In one embodiment, when a copy of the data line is not present in
another L1 cache ("NO"), the data line is currently not shared by
other L1 caches, e.g., not shared by L1 cache 204 [1], and
processing transitions from COPY OF DATA LINE IN OTHER L1 CACHE
check operation 608, to a SEND REQUEST RESPONSE GRANTING OWNERSHIP
operation 610.
In SEND REQUEST RESPONSE GRANTING OWNERSHIP operation 610, a
response to the request for ownership of the data line received in
operation 604 is returned indicating the request is granted. For
example, referring to FIG. 5, the request response from shared L2
cache 220 is received in operation 510. In one embodiment, shared
L2 cache 220 generates the request response and sends the request
response to the requesting L1 cache, e.g., L1 cache 204 [0].
In the present embodiment, it is assumed granting the request for
ownership of the data line to the requesting L1 cache does not
violate the memory coherence protocol, e.g., MOESI, for example, if
the line is shared. In this situation, ownership should not be
granted to the requesting L1 cache. Optionally, in this situation,
the L2 cache can obtain ownership of the data line, and then grant
ownership of the data line to the requesting L1 cache. From SEND
REQUEST GRANTED operation 610, processing transitions to a SEND
DATA LINE TO REQUESTING L1 CACHE operation 612.

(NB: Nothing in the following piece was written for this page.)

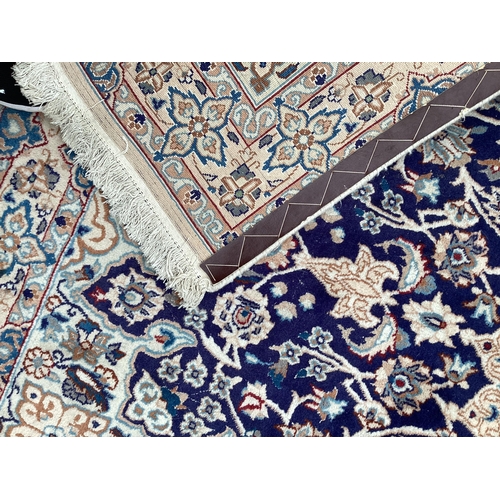 511 - A Persian wool rug,  blue and beige ground, with central star medallion, 114cm x 215cm, cleared from... 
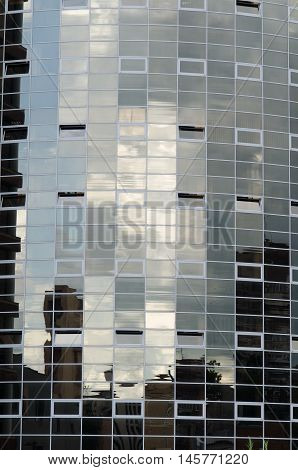 Skyscraper dark mirror glass surface reflecting cloudy sky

In SEND DATA LINE TO REQUESTING L1 CACHE operation 612, the data
line is obtained from the shared L2 cache, e.g., shared L2 cache
220, and sent to the requesting L1 cache, e.g., L1 cache 204 [0].
For example, in one embodiment the data is obtained, for example,
from an off-chip memory structure, or from a data store of shared
L2 cache 220, e.g., L2 cache data store 224A, and sent to the
requesting L1 cache, e.g., L1 cache 204 [0]. In some embodiments,
the request response granting ownership and the data line are
communicated together to the requesting L1 cache. From SEND DATA
LINE TO REQUESTING L1 CACHE operation 612, processing transitions
to a DATA LINE STORED IN SHARED L2 CACHE check operation 614.
In DATA LINE STORED IN SHARED L2 CACHE check operation 614, in one
embodiment, a determination is made whether or not the requested
data line is stored in the shared L2 cache. For example, a
determination is made whether or not the requested data line is
stored in an L2 cache data store 224A-224N of shared L2 cache 220.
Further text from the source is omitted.